The humble road is located between the traditional-looking Parkview Diner and a gas station. In the background is a parking lot for a
Pathmark Stop & Shop supermarket. But where is the namesake canal?
The barely-there Canal Avenue of Brooklyn is located a few hundred feet to the north of Coney Island Creek, an inlet of the ocean that once separated Coney Island from the mainland of Brooklyn. In the last quarter of the 19th century, the state had plans to straighten the creek, transforming it into the Gravesend Ship Canal. Along the northern and southern banks of the reconstructed stream, Canal Avenue would follow.

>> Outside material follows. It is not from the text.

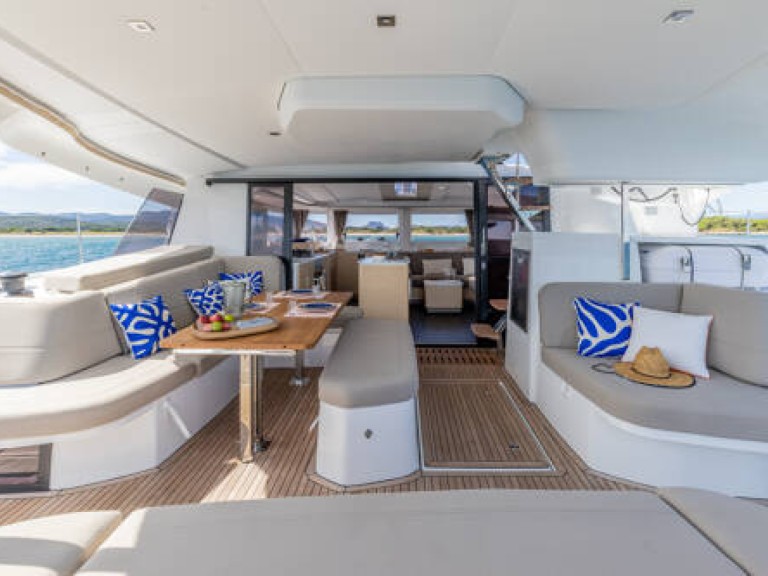 Louez un Fountaine Pajot Fountain Pajot FP 44 à Paros (Ile)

Above, the one-block section of Canal Avenue that as completed is circled. Along with the canal, basins for boats were proposed on the site of tributary streams and wetlands. One of them, the unbuilt Gravesend Basin, later became Coney Island Yard. As late as 1918, the state legislature still expressed its support for the canal. Below is an 1899 map of the proposed canal from the Brooklyn Daily Eagle archive.
By 1924, the year that the city commissioned its first aerial survey, the creek was still crooked and the section between Ocean Parkway and Emmons Avenue was mostly filled in. By 1951, the section between Ocean Parkway and McDonald Avenue was also filled and covered by Belt Parkway.

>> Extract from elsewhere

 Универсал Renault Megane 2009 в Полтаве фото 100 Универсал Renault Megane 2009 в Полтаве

Yet Canal Avenue still remained on the planners’ maps as part of the overall grid imposed on Brooklyn. Across Cropsey Avenue, the White Sands enclave comprised of 68 homes, former summer bungalows and fishing shacks that became permanent residences over the decades. The community’s best-known resident was Jerry Bianco, who built a yellow submarine on Coney Island in 1971. Between 1993 and 1999, the mega retailer Home Depot purchased two-thirds of the properties in White Sands, transforming a neighborhood into a parking lot.
Sandwiched between Belt Parkway and Coney Island Creek, Canal Avenue is not exactly in Bensonhurst or Gravesend, nor is it part of Coney Island. Neighborhood purists can debate to which larger neighborhood the former White Sands and Canal Avenue belong.
Looking south from the Belt Parkway service road, we see a short segment of West 17th Street that connects to Canal Avenue. In the background, the iconic Parachute Jump reminds us where we are.
Another Canal Avenue
Slightly longer at one and a half blocks, it connects with West 36th and West 37th Streets. On the planners’ maps, this other canal Avenue would have continued east along the Gravesend Ship Canal’s southern bank. In total, four blocks were laid out but were later truncated to one and a half after urban renewal projects transformed the bungalow-filled blocks of Coney Island into public-housing high rises. A 1951 aerial below shows Canal Avenue at its greatest extent, with present-day segments circled.
If I had to write a second edition on the streams of New York City, an entire chapter could be dedicated to streams that were planned but never completed, such as a Flushing to Jamaica Bay canal, and a Newtown Creek to Flushing Creek canal, among others. The Gravesend Ship Canal is just one example of the unbuilt infrastructure of New York.
Speaking of canals, the New York Daily News published a photo essay today on the cleanup of the Canal Saint Martin in Paris. Plenty of discarded bikes, along with various fish species were found.